Short descriptive text snippets:
|---|

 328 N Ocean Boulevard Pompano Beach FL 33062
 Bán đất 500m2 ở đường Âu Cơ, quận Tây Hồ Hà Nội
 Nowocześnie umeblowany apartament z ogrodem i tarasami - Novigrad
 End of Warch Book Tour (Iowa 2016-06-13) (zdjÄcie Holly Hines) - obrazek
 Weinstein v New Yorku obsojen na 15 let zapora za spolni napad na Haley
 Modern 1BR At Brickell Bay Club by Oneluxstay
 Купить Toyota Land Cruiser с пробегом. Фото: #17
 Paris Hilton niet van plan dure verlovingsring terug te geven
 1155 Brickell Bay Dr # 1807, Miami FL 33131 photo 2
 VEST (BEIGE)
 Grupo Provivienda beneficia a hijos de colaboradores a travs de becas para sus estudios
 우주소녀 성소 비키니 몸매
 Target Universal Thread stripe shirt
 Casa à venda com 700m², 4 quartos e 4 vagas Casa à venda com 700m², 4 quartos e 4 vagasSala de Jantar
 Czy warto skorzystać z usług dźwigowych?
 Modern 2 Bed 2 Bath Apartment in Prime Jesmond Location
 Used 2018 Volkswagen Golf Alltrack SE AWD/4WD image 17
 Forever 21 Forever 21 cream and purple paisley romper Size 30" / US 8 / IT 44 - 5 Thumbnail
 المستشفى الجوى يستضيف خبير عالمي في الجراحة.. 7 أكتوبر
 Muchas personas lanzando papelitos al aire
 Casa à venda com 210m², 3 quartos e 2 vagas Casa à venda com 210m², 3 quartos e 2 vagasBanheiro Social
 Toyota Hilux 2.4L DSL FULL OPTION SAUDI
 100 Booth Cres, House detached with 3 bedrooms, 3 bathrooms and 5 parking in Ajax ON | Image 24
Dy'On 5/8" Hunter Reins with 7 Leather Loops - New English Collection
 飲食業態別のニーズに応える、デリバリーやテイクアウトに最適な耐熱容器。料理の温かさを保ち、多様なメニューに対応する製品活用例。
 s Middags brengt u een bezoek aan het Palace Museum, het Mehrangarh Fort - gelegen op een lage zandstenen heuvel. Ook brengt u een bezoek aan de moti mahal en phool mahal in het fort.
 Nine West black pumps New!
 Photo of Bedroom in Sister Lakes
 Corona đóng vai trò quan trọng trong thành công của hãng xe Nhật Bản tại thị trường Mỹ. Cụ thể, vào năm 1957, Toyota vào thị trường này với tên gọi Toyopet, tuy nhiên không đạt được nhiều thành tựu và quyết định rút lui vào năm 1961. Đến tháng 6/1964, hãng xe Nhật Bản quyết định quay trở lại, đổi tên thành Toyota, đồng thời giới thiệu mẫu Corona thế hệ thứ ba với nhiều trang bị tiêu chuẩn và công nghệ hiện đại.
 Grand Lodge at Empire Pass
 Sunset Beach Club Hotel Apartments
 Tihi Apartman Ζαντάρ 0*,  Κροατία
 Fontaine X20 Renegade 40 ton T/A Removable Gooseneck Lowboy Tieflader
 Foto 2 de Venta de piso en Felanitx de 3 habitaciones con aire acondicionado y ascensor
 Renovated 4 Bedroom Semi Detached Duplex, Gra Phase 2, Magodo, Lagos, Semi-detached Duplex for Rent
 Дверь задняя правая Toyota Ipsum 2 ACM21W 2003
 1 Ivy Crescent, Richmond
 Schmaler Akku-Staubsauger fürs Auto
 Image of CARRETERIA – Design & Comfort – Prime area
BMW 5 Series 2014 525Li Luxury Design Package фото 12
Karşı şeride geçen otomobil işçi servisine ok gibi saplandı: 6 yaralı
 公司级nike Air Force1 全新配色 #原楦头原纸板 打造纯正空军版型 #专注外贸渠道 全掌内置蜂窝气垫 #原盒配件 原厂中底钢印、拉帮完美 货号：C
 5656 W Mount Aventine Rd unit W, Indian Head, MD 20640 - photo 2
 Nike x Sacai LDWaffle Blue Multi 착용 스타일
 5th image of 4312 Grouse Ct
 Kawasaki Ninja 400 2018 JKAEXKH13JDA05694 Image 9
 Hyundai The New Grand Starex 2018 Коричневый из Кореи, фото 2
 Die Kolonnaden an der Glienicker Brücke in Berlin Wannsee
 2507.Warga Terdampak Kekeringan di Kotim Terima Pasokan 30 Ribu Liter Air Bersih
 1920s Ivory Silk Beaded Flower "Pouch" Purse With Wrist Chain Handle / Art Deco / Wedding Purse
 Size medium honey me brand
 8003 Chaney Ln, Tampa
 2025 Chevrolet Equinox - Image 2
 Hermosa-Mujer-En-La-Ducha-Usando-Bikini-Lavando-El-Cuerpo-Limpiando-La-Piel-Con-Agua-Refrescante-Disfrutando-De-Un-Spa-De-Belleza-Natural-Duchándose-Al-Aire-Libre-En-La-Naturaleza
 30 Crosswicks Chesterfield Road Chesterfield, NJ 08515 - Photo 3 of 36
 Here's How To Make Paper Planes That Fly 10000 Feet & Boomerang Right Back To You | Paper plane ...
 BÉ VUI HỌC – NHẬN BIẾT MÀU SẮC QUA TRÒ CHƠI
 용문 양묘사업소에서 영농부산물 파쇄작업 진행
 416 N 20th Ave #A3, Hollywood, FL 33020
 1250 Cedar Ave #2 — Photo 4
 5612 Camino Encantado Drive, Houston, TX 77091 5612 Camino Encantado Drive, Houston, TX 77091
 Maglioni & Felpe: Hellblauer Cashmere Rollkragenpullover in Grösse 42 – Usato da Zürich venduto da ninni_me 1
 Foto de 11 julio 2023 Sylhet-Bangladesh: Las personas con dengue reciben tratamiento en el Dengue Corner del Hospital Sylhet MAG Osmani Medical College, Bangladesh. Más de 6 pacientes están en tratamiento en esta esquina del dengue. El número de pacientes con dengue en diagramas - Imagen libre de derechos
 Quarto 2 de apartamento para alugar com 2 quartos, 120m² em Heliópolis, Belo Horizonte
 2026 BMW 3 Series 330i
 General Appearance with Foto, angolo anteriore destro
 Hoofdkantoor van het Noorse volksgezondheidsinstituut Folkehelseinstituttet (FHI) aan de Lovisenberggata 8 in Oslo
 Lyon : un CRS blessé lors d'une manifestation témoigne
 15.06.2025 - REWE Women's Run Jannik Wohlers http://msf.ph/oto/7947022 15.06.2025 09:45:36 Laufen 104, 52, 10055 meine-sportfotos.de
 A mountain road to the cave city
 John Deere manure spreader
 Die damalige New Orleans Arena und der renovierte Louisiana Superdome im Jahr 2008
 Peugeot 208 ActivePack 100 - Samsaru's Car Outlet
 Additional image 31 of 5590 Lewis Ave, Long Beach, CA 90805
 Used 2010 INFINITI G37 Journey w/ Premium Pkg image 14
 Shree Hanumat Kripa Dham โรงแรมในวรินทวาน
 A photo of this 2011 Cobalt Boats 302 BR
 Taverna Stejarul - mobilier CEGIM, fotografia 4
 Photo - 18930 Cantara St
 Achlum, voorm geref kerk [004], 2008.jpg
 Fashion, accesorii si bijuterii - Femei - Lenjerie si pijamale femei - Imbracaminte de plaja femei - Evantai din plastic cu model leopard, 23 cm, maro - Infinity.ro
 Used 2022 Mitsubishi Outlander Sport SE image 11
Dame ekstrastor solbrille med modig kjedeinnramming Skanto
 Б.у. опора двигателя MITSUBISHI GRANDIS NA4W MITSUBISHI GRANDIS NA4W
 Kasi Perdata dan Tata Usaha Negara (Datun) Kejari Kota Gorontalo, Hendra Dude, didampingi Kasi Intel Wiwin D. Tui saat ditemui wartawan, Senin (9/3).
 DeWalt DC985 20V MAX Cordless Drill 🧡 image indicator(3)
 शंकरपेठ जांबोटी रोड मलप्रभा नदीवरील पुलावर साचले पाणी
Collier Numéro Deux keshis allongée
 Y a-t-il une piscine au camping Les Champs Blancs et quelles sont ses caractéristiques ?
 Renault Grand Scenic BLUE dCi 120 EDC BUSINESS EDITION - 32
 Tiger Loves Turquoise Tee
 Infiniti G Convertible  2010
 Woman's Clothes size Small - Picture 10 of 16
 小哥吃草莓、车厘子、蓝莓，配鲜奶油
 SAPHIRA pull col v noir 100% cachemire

|---|

**WHAT YOU WILL DO**
Start with the line above that contains "30 Crosswicks Chesterfield" and stop after the line that contains "Additional image 31". Output those lines exactly, and only those.

**ANSWER AREA**
 30 Crosswicks Chesterfield Road Chesterfield, NJ 08515 - Photo 3 of 36
 Here's How To Make Paper Planes That Fly 10000 Feet & Boomerang Right Back To You | Paper plane ...
 BÉ VUI HỌC – NHẬN BIẾT MÀU SẮC QUA TRÒ CHƠI
 용문 양묘사업소에서 영농부산물 파쇄작업 진행
 416 N 20th Ave #A3, Hollywood, FL 33020
 1250 Cedar Ave #2 — Photo 4
 5612 Camino Encantado Drive, Houston, TX 77091 5612 Camino Encantado Drive, Houston, TX 77091
 Maglioni & Felpe: Hellblauer Cashmere Rollkragenpullover in Grösse 42 – Usato da Zürich venduto da ninni_me 1
 Foto de 11 julio 2023 Sylhet-Bangladesh: Las personas con dengue reciben tratamiento en el Dengue Corner del Hospital Sylhet MAG Osmani Medical College, Bangladesh. Más de 6 pacientes están en tratamiento en esta esquina del dengue. El número de pacientes con dengue en diagramas - Imagen libre de derechos
 Quarto 2 de apartamento para alugar com 2 quartos, 120m² em Heliópolis, Belo Horizonte
 2026 BMW 3 Series 330i
 General Appearance with Foto, angolo anteriore destro
 Hoofdkantoor van het Noorse volksgezondheidsinstituut Folkehelseinstituttet (FHI) aan de Lovisenberggata 8 in Oslo
 Lyon : un CRS blessé lors d'une manifestation témoigne
 15.06.2025 - REWE Women's Run Jannik Wohlers http://msf.ph/oto/7947022 15.06.2025 09:45:36 Laufen 104, 52, 10055 meine-sportfotos.de
 A mountain road to the cave city
 John Deere manure spreader
 Die damalige New Orleans Arena und der renovierte Louisiana Superdome im Jahr 2008
 Peugeot 208 ActivePack 100 - Samsaru's Car Outlet
 Additional image 31 of 5590 Lewis Ave, Long Beach, CA 90805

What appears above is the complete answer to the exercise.